But we hope that, by bringing this to you,
that it is really in the public interest.
And that the public here is interested
and that you will take it to other places.
That you will really take action, based on
what you see. Whether it is traditional
action, whether it is civil disobedience,
whether it’s FOIAs, whether it’s
something else, who knows, we hope
that you will feel empowered
by the end of this talk.
Laura: And I’d just like to say
that if anyone wants to open up
their laptops and look at some of
the documents that we’ve published
we won’t be offended at all and,
in fact, will be happy. I think it will
contribute to your experience
of the talk today.
Voice from audience: Laura,
it’s ‘/international’ on spiegel.de
Jacob: Great, ‘spiegel.de/international’
And for everyone who can’t be here,
streaming, remember if the stream cuts out
and you never see us again, it was murder!
Laura and audience laughing, some applause
Laura: So, one of the ways
that the ‘War on Terror’ works
– and the way that war works in general –
is how people are de-humanized
and reduced to numbers. This is a short
video that I filmed about Guantanamo.
video with serious music
Laura: That was a video that I made
about a former prisoner of Guantanamo.
His name was Adnan Latif. He
was sent to Guantanamo in 2012.
And this is how he came home. He
was on hunger strike for many years
before he died. And what
was most shocking to me
is watching what happens when he returns
home and that he’s listed as a number.
And that his family had to witness that.
That that was a person who they were
seeing for the first time in many
years, who is reduced to a number.
So today, what we’re publishing
with DER SPIEGEL is looking at
how that process works.
And it involves NATO’s JPEL kill list
that is being used in Afghanistan
to target people for targeted killings.
We’re publishing along that some
narratives of particular people
who are on the kill list.

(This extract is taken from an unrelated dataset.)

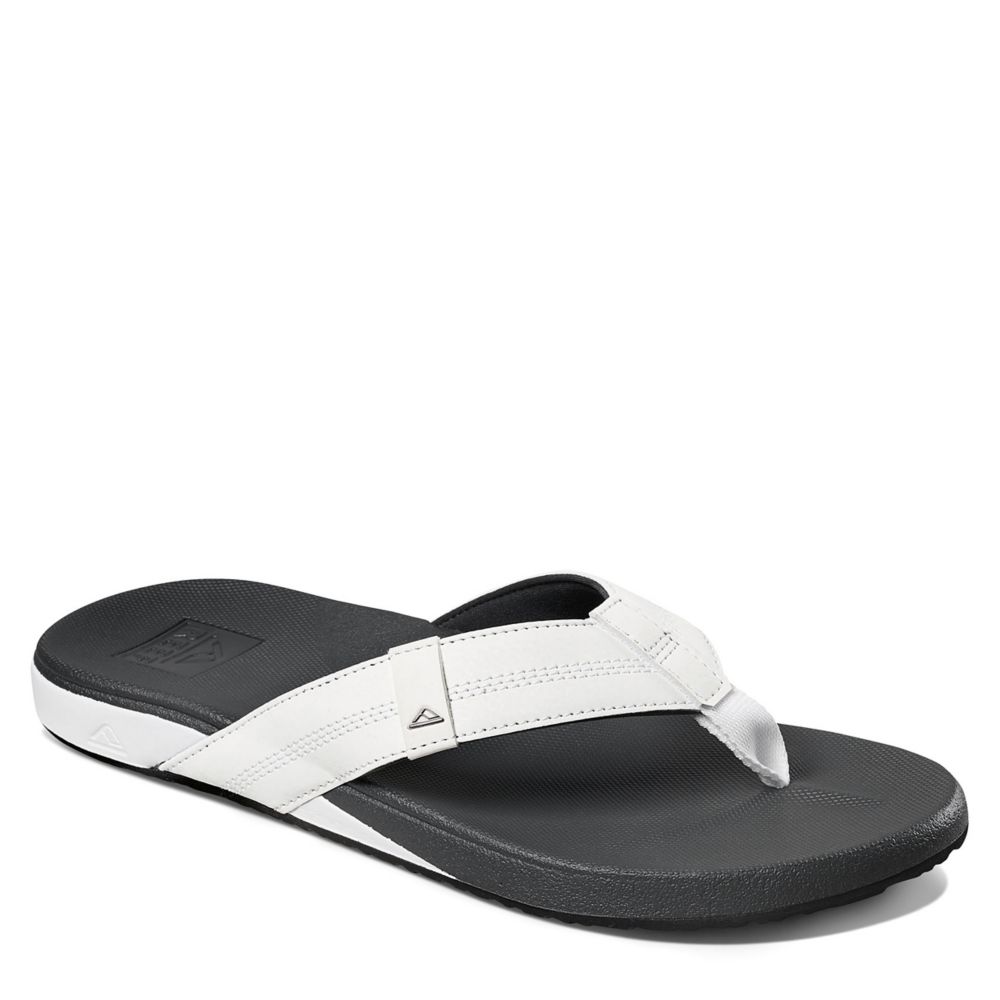 mens white flip flops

One
particular case was a man
who was given the code
name “Object Doody”.
He was targeted for killing,
or for assassination.
A British Apache helicopter
that was code named “Ugly 50”
was sent to kill him. This was on
a day that the visibility was poor,
and they missed him and they
shot a child and his father.
The child was killed immediately,
the father was wounded.
The helicopter looped back
around and killed its target.
Jacob: Right. So, part of what we are
hoping to do here, just to make it
perfectly clear, is to expose information
that people say doesn’t exist, with
a couple of goals. And one of those
goals, to be very clear about it,
– even though this, I suppose, tilts
me a little bit on the activist side
of journalism – is to stop the
killing. That is an explicit goal
with this publication. The British
Government and the American Government
– in various different ways NATO as well –
they say, that these kind of things
really don’t exist. That they don’t
happen this way. Any they talk about
the killing of people in a very…
let’s say ‘mechanical fashion’.
Usually they say this evidence doesn’t
exist, but the evidence does exist.
And, in fact, there are lists with
names, just endless names.
And those people, in various different
ways, are graded. They’re graded
with regard to the political consequence
of those people being killed. As well as
some very small spreadsheet and on
that spreadsheet, there’s a small box,
and that box explains their crimes.
Next to that, there’s a Dollar figure
for a potential reward. And maybe there’s
a restriction. Sometimes it says something
like “kinetic action prohibited”. For
example. That’s because, by default,
“kinetic action” is not prohibited.
That is because these are lists of names
of people to be found and to be
murdered. And so of these lists…
we have an excerpt of these
lists, being published today.
And the goal of publishing this is
to show what needs to be done.
So these lists have redactions
and the goal is that SPIEGEL,
along with hopefully others, will help
us to continue to work to uncover
not only the fate of these people on these
lists whose names are redacted, but also
the fate of people who are not yet on
these kinds of lists. Maybe to move
to a world in which we don’t have lists
for, what I would call, assassinations.
And that’s what SPIEGEL calls it as well.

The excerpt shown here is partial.